Delle castagne, va detto che le varietà presenti in Italia sono circa trecento e bisogna distinguere fra castagna e marrone. La prima è il frutto del castagno selvaggio e ogni riccio contiene tre frutti. Il secondo, invece, proviene da alberi coltivati e sempre migliorati con successivi innesti e ogni riccio contiene normalmente un solo frutto. Il marrone, rispetto alle castagne, ha un sapore più dolce e più profumato, è più grande e, sotto la buccia, è protetto da una sottile pellicina che può essere tolta molto facilmente. Il miglior periodo per “andare a castagne” è proprio questo, diciamo dalla fine di settembre fino ai primi di dicembre.

Con le castagne, si prepara un dolce che si chiama “castagnaccio”. A dir la verità, il nome e la ricetta cambiano, a seconda del luogo di preparazione.

Un ambulante vende il castagnaccio durante una fiera.

In Lunigiana è una torta molto sottile chiamata patòna; in alcune zone dell’Appennino toscano è la torta di neccio; in Romagna è castagnaccio; in altri luoghi si chiama toppone, migliaccio, castignà… Sta di fatto che dopo anni in cui questo dolce povero della cucina appenninica era stato abbandonato, oggi è stato riscoperto, è tornato sulle tavole e gli si dedicano anche sagre e feste. Alcune Regioni (Toscana, Emilia-Romagna, Lazio, Liguria, Piemonte) l’hanno riconosciuto tra i prodotti agroalimentari tradizionali. Noi vi proponiamo una ricetta dell’Appennino romagnolo.

Ingredienti per una teglia media

Un chilo di farina di castagne, acqua, sale, pinoli sgusciati o noci, rosmarino, strutto o olio.

Preparazione

In una terrina impastate la farina di castagne con acqua e un pizzico di sale aggiungendo una manciata di pinoli sgusciati o noci sminuzzate, in modo da ottenere una pastella non tanto densa che coli come il miele.

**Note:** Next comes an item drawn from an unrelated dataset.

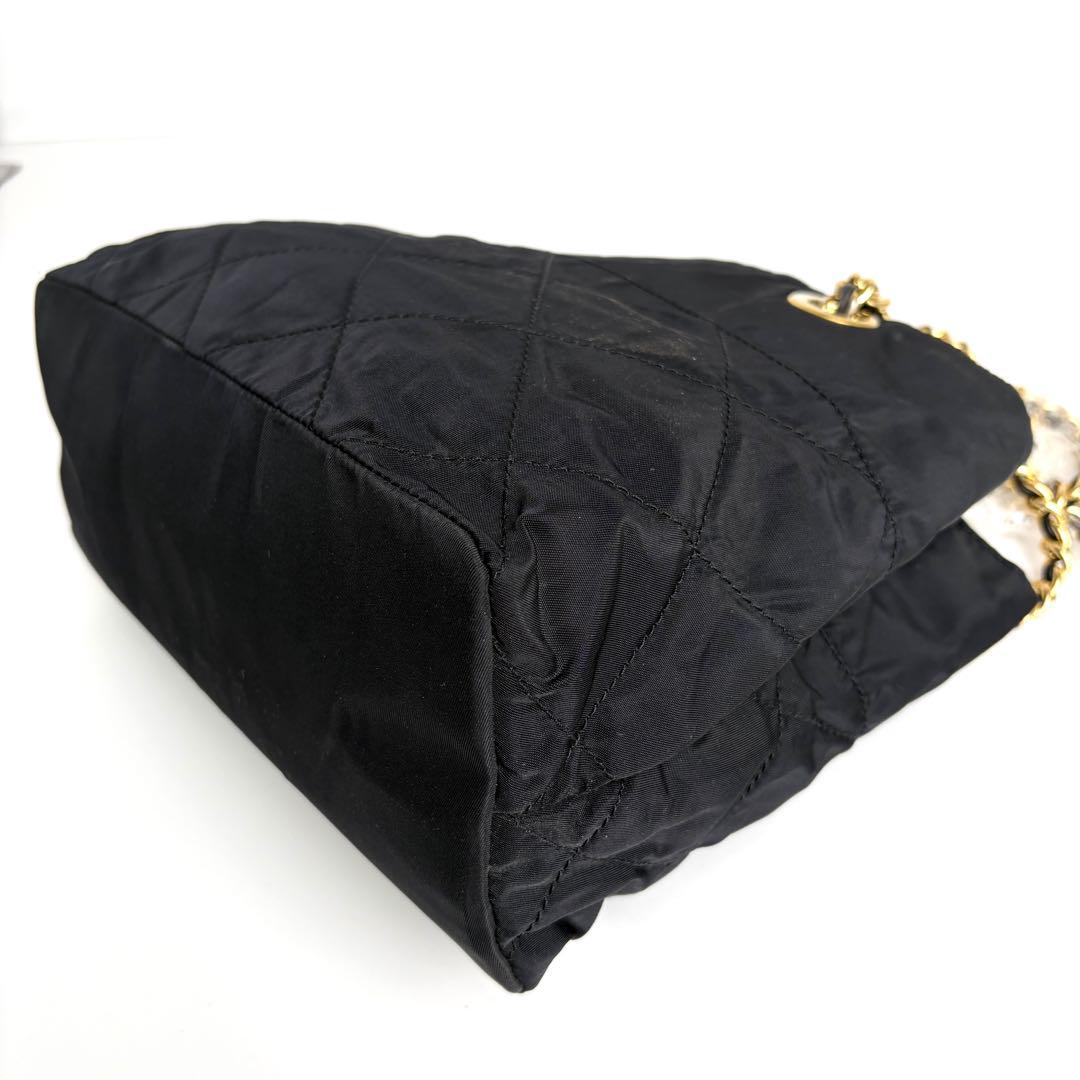 極美品 PRADA プラダ チェーン キルティング ショルダーバッグ ナイロン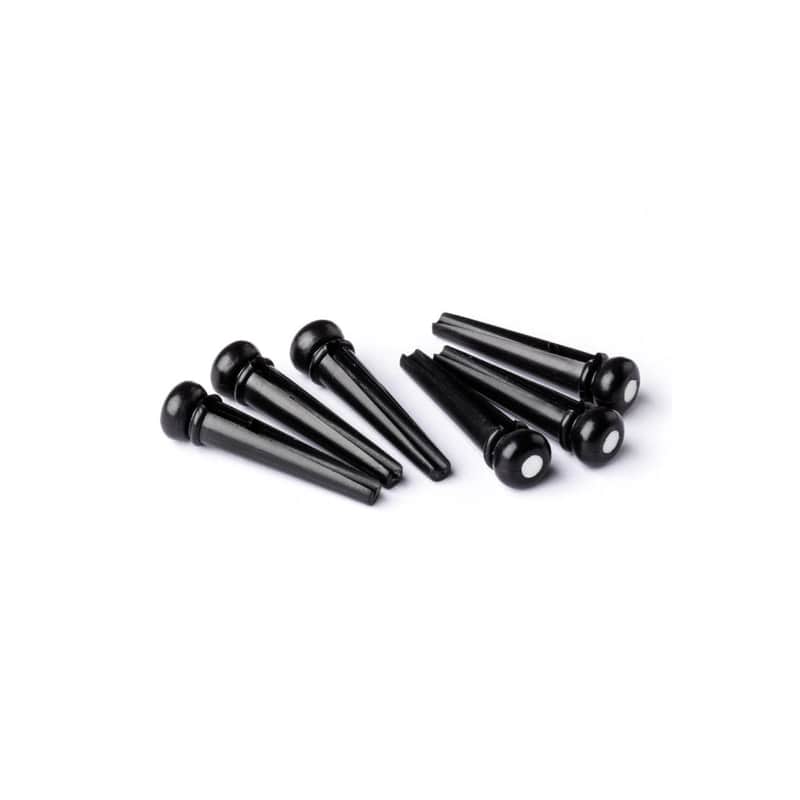 Standard Guitar Bridge Pin Set of 6 - Black with White Dot image 1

Versate il tutto in una teglia media, precedentemente unta con strutto o olio o burro, in modo che lo spessore del composto nella teglia abbia uno spessore di circa due centimetri. Guarnite la superficie con pinoli o noci, qualche ago di rosmarino e una croce d’olio. Cuocete il tutto in forno a circa 150 gradi fino a quando la superficie diventa color cioccolato e incomincia a screpolarsi. Si può controllare la consistenza affondando la lama di un coltello che ne deve uscire pulito. Lasciate che si raffreddi un poco prima di tagliarlo in quadrotti e servirlo.